Aletha June Franklin (August 31, 1930 – December 6, 2010) was an American politician and civil rights activist. Franklin was elected to the Iowa House of Representatives in 1966. Franklin helped pass Iowa's Fair Housing Practices Law in 1967, and she was with the Iowa House of Representatives for three terms.

==Personal life==
Franklin was born in Clarinda, Iowa, on August 31, 1930, to parents Glenn H. Franklin and Jean Roper Griggs. She graduated from Clarinda High School in 1948. She then attended Drake University where she earned an associate's degree in business administration.

==Career==
Franklin was a legal secretary, insurance agent, and real estate agent. Her time in politics began when she was a part of multiple Democratic social clubs, party efforts, and multiple community organizations. She was affiliated with the Polk County Community Action Council, Greater Opportunities Inc, the Des Moines Chapter of the NAACP, Americans for Democratic Action, the John F. Kennedy Democratic Club, and the Polk County Democratic Women's Club. Franklin joined the Iowa House of Representatives in 1966, as the successor of Willie Stevenson Glanton, at 36 years old. During Franklin's first session, she was part of the Appropriations, Schools, Cities, Towns, and Tex revision committees. Franklin was elected as the assistant minority leader of the Democratic House at the 63rd General Assembly. She was the first African American to have that type of leadership position in an Iowa major political party. Franklin communicated and coordinated the activities of officials who were elected by the state. She was concerned with race riots, poverty, and how African American elected officials were treated. Franklin helped pass Iowa's Fair Housing Practices Law in 1967. She was with the Iowa House of Representatives for three terms.
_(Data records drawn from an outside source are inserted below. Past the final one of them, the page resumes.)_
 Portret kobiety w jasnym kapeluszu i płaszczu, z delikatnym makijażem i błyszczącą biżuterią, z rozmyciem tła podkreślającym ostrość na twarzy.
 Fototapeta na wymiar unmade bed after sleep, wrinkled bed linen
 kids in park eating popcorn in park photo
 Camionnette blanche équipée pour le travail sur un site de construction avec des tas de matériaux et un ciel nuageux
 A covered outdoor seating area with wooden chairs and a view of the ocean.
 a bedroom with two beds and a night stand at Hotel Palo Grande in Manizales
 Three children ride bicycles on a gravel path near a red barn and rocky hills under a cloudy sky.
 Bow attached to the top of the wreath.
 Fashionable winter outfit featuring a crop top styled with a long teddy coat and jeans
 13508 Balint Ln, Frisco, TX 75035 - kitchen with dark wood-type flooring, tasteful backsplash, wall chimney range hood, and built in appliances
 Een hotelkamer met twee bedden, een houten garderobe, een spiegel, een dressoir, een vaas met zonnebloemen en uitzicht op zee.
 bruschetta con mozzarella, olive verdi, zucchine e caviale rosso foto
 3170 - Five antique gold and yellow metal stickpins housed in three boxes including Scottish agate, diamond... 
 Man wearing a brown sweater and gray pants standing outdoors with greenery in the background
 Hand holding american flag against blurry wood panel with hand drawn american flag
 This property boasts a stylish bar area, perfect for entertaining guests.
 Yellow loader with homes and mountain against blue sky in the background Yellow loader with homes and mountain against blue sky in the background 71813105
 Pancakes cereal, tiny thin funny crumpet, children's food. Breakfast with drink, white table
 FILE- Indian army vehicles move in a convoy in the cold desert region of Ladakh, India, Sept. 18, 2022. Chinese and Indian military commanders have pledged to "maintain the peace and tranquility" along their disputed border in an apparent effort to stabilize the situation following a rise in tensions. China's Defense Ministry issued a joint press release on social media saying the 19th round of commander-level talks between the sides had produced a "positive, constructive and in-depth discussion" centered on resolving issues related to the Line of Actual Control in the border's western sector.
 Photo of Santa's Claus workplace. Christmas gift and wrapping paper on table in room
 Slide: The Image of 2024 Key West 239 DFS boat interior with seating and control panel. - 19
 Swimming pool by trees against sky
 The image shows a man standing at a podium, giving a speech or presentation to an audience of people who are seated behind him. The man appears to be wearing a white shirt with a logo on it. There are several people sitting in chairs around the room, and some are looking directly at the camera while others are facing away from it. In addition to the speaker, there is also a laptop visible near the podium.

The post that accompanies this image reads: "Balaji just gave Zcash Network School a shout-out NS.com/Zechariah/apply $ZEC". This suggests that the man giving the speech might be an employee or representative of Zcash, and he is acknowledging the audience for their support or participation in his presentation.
In 1968, at the Iowa State Capitol, Franklin addressed the nation about Martin Luther King Jr.'s assassination. She begged for the "good white people" of the United States to allow the black man to "walk in dignity and equality". Franklin also said that the school board in Des Moines, Iowa should end school segregation, that the city council should let African Americans have jobs, and that the city's welfare recipients are treated in a "humiliating" way. During the speech, she stated that she had sent a telegram to ten members of the Congress and Senate requesting that King's birthday be made a national holiday.

==Death==
Franklin died on December 6, 2010, in Lebanon, Missouri, due to a long illness.